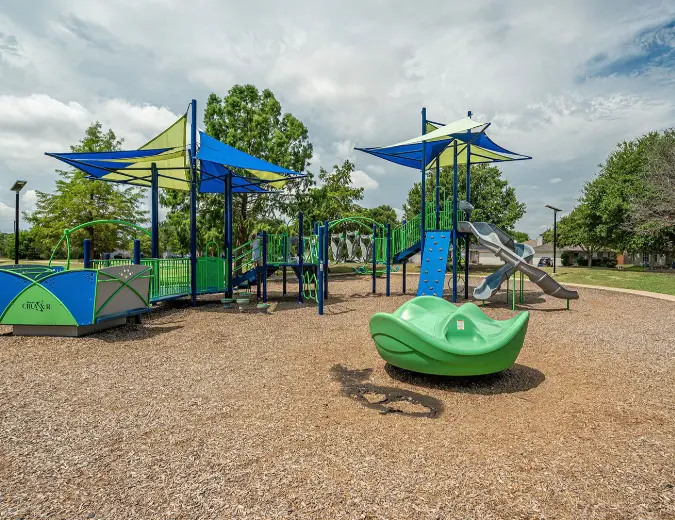 Modern playground with blue shade structures, climbing equipment, and green play features on mulch ground surrounded by trees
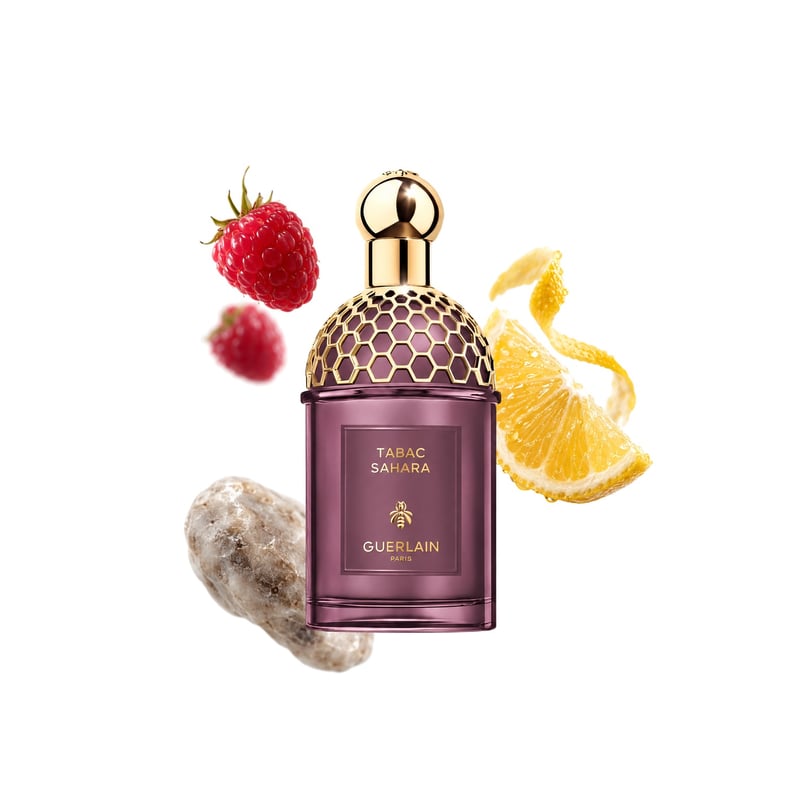 Tabac Sahara de Guerlain, flacon entouré de ses notes clés : Framboise, Agrumes et Ambre gris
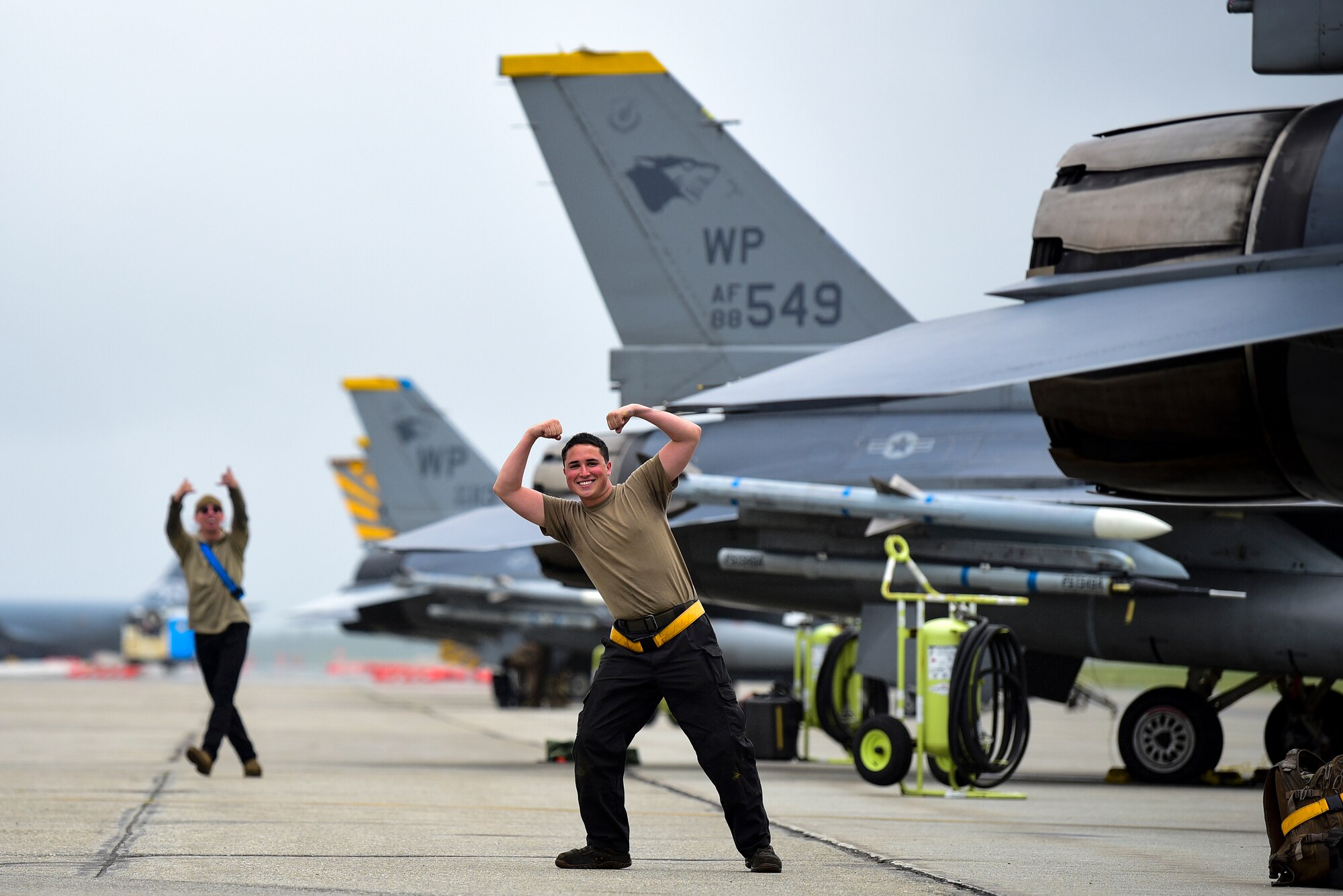 Airman 1st Class Matthew Wood, 8th Aircraft Maintenance Squadron crew chief, left, and Senior Airman Kodi Vigil, 80th Aircraft Maintenance Unit crew chief, pose for a photo during Red Flag-Alaska 21-2 at Eielson Air Force Base, Alaska, June 18, 2021. RF-A is a Pacific Air Forces-directed field training exercise designed to provide U.S. and allied forces realistic air combat training for which enhances joint and bilateral interoperability in the Indo-Pacific region. (U.S. Air Force photo by Senior Airman Suzie Plotnikov)
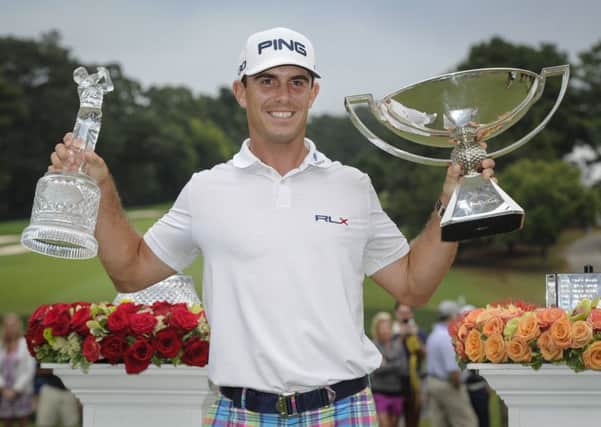 Bill Horschel poses with both trophies after winning the Tour Championship golf tournament and The FedEX Cup in Atlanta.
————
# Task brief:
Repeat the lines above, starting at the first and stopping after the line that holds "Tabac Sahara de", with the pictures left out.

# Written solution:
 Modern playground with blue shade structures, climbing equipment, and green play features on mulch ground surrounded by trees
 Tabac Sahara de Guerlain, flacon entouré de ses notes clés : Framboise, Agrumes et Ambre gris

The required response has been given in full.